Can you find a domain name extension that produces ratio fraction Infinity? Can you find one that produces ratio fraction 0 (~3 minutes)? Fill them in below.

In [None]:
### YOUR CODE HERE ###
domain_name_extension_with_ratio_infinity = '.uk'
domain_name_extension_with_ratio_zero = ''
### END CODE HERE

Now, answer the following questions in your worksheet. 

How do we interpret ratio fractions of 0?

How do we interpret ratio fractions of Infinity? 

What might this tell us about our data?

## Exercise 5:  Word Frequency Method 


One natural idea is counting whether the frequency of words in the HTML of a webpage is above a certain threshold.

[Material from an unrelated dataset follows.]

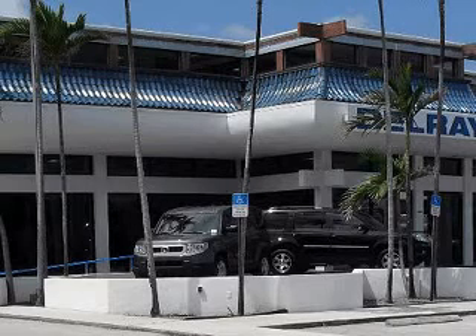At the all-new Delray Honda, we specialize in Honda-certified used cars, and all other makes and models of used cars and trucks.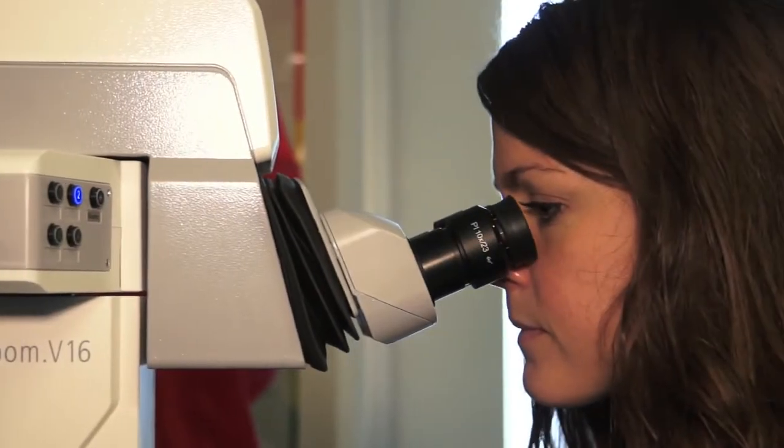I'm Andy McMahon, director of the Eli and Edith Broad Center for Regenerative Medicine and Stem Cell Research at USC, and I'm here to tell you about our new program in stem cell biology and regenerative medicine. Our one-year program, with a second-year research option,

For example, given the word "Clinton" and a threshold of 3, does nytimes.com mention "Clinton" 3 times? Does infowars.com? This may tell us something about how useful the word "Clinton" is for telling us whether a website is fake or not.


###Test in Code

Now, code up the below hypothesis function that tests whether the count of a provided word is above a threshold and play with the resulting demo (~15 minutes). We have provided some starter code for you.

In [None]:
#@title Run this cell with a word and a threshold { run: "auto" }

def get_count_from_html(html, hypothesis_word):
    # Transform word to lowercase for consistent results.
    return html.count(hypothesis_word.lower())

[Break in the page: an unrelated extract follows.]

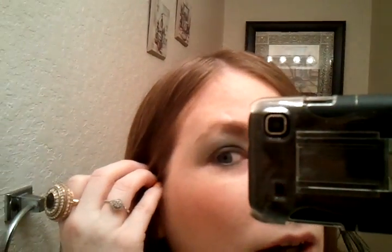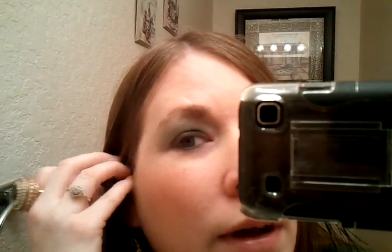My green eyeshadow had no shimmer and I wanted something that had shimmer to bring out the green. So I put on the hip and then I added the green because it wasn't shimmering, and that's what I came out with.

def word_threshold_hypothesis(datapoint):
  hypothesis_word = "COVID" #@param {type:"string"}
  threshold =  10#@param {type:"integer"}
  # Transform HTML to lowercase for consistent results.
  html = datapoint[1].lower() 
    
  ### YOUR CODE HERE ### (Use get_count_from_html!)
  count = get_count_from_html(html, hypothesis_word)
  return count > threshold
  ### END CODE HERE ###
  
real_fraction, fake_fraction = get_real_and_fake_fractions(train_data, 
                                                           word_threshold_hypothesis)

print('Real fraction:', real_fraction)
print('Fake fraction:', fake_fraction)
  
print('Ratio fraction:', pretty_ratio(fake_fraction, real_fraction))

Real fraction: 0.0
Fake fraction: 0.0
Ratio fraction: 1


## Exercise 6:  Hypothesize



Once you have "Clinton" working with a threshold of 3, try other words, like "Trump", "Obama", "Sports", "Finance", and "Opinion". 

Discuss three interesting hypothesis word and threshold combination, with an explanation for why you think it is happening.

Be prepared to share with the class! 

## Exercise 7 | Custom Hypothesis


Now, create your own custom hypotheses! All you should change is the hypothesis function (~20 minutes). 

Some ideas: 
* check whether websites contain certain HTML tags (e.g. "\<table>, \<section>"), 
* check whether websites contain certain words or phrases in the URL, 
* check whether websites are Wordpress blogs (hint: check whether they contain "wp-content" frequently).

In [None]:
### YOUR CODE HERE ###


### END CODE HERE ###

Once you are done, list your most interesting hypotheses below and prepare to discuss with the class!

Congratulations on completing this notebook! Tomorrow, we'll use the insights you just built up to build our baseline model.